Election manifestos for the nine candidates running in this year's USI elections came out yesterday, and the game is most definitely afoot.
There are 286 votes on offer to candidates for the elections, which work on the single-transferable vote (STV) system. Large institutions such as DIT and UCD have 26 votes and the largest, Belfast Institute of Further and Higher Education, has 36.
The field is remarkable in that it includes no one with a college base in either Munster or Ulster. In fact, only three of the nine candidates are from colleges outside of Dublin. The contest for president is between two of this year's sabbatical officers, Julian De Spainn and Ian Russell. In this, as in most of the other races, there should be little real policy difference.
De Spainn says that his experience as vice president will stand him in good stead if elected. "One of the main things is the whole area of continuity. As campaigns officer I have built up media contacts, political contacts and relationships with outside organisations," he says.

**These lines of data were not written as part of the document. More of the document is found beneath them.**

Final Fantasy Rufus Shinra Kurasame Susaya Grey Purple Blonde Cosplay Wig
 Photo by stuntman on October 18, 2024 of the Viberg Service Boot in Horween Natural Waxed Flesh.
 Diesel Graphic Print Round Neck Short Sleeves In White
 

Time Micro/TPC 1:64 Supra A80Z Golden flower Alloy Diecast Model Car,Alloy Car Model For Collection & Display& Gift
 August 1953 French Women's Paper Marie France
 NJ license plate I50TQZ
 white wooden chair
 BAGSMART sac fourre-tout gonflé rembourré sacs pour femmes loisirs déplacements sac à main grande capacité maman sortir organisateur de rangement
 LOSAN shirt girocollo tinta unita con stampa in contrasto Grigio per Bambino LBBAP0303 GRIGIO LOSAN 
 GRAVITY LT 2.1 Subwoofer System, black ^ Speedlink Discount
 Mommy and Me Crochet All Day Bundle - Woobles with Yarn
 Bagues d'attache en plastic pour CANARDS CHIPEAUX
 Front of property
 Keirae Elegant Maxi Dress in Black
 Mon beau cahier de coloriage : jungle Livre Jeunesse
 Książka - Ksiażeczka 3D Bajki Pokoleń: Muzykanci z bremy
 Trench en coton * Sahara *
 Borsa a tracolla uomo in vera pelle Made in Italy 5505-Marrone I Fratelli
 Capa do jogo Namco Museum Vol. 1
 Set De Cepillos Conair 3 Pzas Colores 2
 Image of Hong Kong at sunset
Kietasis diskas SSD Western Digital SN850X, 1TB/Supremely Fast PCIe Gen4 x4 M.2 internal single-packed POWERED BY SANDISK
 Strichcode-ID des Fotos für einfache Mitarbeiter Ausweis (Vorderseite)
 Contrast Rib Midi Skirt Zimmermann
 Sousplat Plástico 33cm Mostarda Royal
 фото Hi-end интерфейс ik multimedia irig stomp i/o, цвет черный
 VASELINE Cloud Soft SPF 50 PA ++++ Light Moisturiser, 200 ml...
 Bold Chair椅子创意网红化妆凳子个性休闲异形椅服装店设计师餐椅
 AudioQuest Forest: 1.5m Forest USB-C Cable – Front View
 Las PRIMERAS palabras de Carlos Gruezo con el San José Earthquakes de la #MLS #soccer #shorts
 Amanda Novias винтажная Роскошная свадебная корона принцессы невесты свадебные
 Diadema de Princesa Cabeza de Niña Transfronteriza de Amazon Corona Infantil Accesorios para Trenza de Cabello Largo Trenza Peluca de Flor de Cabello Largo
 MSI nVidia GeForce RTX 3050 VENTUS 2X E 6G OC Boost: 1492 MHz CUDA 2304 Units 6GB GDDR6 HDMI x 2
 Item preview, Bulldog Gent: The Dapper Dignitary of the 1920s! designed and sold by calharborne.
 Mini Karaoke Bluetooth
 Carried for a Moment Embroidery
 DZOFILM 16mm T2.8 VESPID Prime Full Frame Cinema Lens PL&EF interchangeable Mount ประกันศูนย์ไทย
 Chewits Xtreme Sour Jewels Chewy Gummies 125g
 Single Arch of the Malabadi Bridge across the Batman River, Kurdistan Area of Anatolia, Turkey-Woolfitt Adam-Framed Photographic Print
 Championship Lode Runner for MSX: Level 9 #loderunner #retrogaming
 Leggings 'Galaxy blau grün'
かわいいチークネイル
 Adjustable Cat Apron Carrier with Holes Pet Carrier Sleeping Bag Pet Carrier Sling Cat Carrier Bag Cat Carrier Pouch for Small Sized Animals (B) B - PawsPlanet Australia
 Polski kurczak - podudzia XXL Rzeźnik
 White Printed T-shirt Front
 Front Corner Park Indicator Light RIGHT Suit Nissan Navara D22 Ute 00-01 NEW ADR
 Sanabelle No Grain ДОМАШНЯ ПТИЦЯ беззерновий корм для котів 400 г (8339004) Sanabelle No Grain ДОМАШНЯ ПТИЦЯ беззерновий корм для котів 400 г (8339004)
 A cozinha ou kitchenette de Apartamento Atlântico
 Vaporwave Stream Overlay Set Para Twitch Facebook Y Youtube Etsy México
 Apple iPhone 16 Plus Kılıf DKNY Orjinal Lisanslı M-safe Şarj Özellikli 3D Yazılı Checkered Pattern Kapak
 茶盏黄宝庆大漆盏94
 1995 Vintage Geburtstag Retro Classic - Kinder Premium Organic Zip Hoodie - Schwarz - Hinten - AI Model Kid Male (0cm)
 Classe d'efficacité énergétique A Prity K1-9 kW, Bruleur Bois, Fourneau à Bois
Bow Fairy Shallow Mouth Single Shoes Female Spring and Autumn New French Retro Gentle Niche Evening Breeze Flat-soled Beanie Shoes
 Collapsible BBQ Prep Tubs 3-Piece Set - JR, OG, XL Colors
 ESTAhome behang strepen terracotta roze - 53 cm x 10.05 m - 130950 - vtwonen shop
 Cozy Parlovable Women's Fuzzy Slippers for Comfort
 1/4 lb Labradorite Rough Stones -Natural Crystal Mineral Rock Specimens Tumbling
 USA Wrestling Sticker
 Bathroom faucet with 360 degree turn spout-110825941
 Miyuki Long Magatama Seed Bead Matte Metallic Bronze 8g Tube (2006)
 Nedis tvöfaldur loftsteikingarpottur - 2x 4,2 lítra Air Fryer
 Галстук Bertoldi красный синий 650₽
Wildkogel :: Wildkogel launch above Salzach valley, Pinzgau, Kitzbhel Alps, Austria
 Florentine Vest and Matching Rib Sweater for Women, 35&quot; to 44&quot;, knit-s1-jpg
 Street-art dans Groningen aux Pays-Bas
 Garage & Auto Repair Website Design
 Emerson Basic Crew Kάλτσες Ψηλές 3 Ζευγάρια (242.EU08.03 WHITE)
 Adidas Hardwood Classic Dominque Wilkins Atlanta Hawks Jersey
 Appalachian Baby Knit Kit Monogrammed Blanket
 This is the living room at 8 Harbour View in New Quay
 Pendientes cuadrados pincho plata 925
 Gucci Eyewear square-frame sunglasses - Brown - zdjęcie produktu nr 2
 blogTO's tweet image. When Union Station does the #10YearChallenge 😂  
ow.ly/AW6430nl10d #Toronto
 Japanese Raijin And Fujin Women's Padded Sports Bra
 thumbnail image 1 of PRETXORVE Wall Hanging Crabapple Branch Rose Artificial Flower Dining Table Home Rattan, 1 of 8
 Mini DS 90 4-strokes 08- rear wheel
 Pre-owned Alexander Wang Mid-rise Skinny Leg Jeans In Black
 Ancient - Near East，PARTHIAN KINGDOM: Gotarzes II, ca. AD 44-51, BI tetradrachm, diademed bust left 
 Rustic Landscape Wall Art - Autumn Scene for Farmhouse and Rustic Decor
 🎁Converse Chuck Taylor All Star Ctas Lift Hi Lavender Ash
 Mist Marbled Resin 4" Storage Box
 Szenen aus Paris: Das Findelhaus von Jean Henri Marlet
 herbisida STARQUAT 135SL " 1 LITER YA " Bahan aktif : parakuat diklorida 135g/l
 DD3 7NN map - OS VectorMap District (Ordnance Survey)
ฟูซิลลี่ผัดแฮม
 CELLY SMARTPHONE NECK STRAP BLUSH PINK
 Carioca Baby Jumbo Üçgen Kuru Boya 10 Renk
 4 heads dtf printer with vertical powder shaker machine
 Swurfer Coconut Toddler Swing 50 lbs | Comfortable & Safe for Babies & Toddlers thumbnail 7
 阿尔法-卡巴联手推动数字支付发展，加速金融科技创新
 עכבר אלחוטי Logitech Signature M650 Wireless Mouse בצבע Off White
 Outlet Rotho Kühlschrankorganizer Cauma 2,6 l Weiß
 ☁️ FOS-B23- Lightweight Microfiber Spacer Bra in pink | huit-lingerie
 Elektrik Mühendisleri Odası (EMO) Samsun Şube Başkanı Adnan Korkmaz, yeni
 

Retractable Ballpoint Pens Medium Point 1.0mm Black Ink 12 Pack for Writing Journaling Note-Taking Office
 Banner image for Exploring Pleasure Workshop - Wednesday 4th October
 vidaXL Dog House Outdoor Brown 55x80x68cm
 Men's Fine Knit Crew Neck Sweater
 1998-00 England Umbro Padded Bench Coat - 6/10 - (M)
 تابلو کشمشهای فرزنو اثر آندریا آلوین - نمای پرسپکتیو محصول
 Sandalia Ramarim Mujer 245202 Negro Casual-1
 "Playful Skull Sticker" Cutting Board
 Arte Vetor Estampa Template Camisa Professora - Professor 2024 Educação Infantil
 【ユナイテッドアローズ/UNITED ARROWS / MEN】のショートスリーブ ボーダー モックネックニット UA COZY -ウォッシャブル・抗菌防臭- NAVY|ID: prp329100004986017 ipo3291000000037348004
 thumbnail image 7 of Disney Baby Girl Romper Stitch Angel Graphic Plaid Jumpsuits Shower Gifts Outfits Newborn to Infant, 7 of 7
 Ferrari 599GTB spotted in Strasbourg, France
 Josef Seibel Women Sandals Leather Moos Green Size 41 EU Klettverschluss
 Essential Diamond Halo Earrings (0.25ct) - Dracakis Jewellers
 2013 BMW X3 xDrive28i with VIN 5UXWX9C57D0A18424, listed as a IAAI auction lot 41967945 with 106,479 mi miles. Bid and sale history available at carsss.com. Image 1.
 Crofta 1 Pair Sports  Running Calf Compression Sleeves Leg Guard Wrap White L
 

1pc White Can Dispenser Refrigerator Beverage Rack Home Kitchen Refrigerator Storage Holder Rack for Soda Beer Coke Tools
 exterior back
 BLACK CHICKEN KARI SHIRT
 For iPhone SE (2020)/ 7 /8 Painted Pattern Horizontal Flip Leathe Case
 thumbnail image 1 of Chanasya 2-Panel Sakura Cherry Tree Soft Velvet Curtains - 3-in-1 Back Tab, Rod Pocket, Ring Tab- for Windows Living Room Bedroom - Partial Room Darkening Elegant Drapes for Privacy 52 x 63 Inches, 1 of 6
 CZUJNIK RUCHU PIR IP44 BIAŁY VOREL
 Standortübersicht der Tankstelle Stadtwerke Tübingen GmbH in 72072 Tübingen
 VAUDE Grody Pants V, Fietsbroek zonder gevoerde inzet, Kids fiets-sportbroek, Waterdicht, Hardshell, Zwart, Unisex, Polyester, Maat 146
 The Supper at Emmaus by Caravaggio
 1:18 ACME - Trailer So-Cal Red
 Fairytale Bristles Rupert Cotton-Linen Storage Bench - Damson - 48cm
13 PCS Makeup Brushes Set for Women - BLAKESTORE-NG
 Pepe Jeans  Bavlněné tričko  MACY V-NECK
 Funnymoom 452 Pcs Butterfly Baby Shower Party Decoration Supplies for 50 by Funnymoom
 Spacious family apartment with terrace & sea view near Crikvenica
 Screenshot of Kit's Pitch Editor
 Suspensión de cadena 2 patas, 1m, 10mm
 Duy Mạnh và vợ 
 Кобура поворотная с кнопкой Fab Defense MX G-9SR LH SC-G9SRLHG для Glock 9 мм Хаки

Good progress has been made during the year and "now that we have stabilised the union it's time to push the student agenda. The most successful lobby groups are the ones that are in it for the long haul. USI has to stand firm and get the point across that that what we want is reasonable and logical." His opponent, education officer Ian Russell, was unavailable for comment. The vice presidential chase is also a neophyte-free zone, with USI welfare officer Cian O'Callaghan facing Dublin area convenor Gareth Wlliams.
O'Callaghan says he thinks both he and Williams "would be quite like-minded in approach" and even that "both of us are good candidates". When it comes to deciding between the two, "I think people will be able to make up their minds based on manifestos and hustings."
He is optimistic about what could be achieved by the union next year. "We've had a good year this year and I think next year we have a good chance of achieving policy changes that will effect our members, most notably grants," O'Callaghan says.
Gareth Williams says there is a "need to see USI justify its affiliation fees and not have members wondering if they should be in or out". He says he does not want to be identified with any one sector of the USI, but envisages that many policies would be the same as this year.
"There would be a certain amount of continuance in that I have been on the same officer board this year," he says, but he would be "different in style". "I think USI has had a problem in the past. For the last few years it hasn't used its influence - we have lacked a certain amount of cohesion."
The post of education officer is the most sought-after, with three candidates running.
One of them, Colm Jordan, DIT Aungier Street site president and education officer, was also USI's Dublin convenor for two years. He is doubtful of the merits of sweeping policy statements. "It is very strange to have to say what you are going to do when it is actually congress that decides what each officer will be doing," he says.
He views the election less as an election and more as a selection, where personal experience and ability are the keys. "In essence it's an interview," he says.
Anna Browne, president of NCAD's union, says that while all three candidates would hold "different views and outlooks, there would be a common thread running through all our ideas".
She would particularly like to look at university quality assessment, and also says "hidden extra costs need to be hit".
She has had no other posts before being a union president. "I would possibly be seen as being fresh blood. I haven't been that involved in USI," she says.
Aoife Braiden, NUI Galway's education officer is also running for the USI education post, but was unavailable for comment. The welfare officer race became one sided last week when Michelle McAuley of DIT Cathal Brugha Street withdrew, leaving UCD's welfare officer, Alison Gibney, to go it alone.
Gibney would be the best known of the candidates outside USI circles, as more than one controversy has erupted around her. She made comments relating to drug use at the count for her UCD post and this year was criticised by some for a demonstration of joint-rolling at a Law Society "freshers' debate".
Will this approach continue? "Certainly, the more attention it attracts, the more students it attracts," she said, adding that she "will be bringing that student oriented approach" to USI - though she expects that it "won't be quite so much fun. It will be more hard work."
Gibney will be facing the stalwart of student union elections, the ever young RON (or reopen nominations). Usually the bridesmaid and hardly ever a groom, RON is not seen as a favourite candidate. "People tend to feel if someone has gone to the bother of running it is churlish not to let them have it," says one well placed USI source.
Also running against RON, for the post of equality officer, is Rory McDaid, president of the union at St Pat's, Drumcondra, Dublin. He says he will concentrate on making equality issues "much more student based" by aiming his efforts directly at students rather than unions.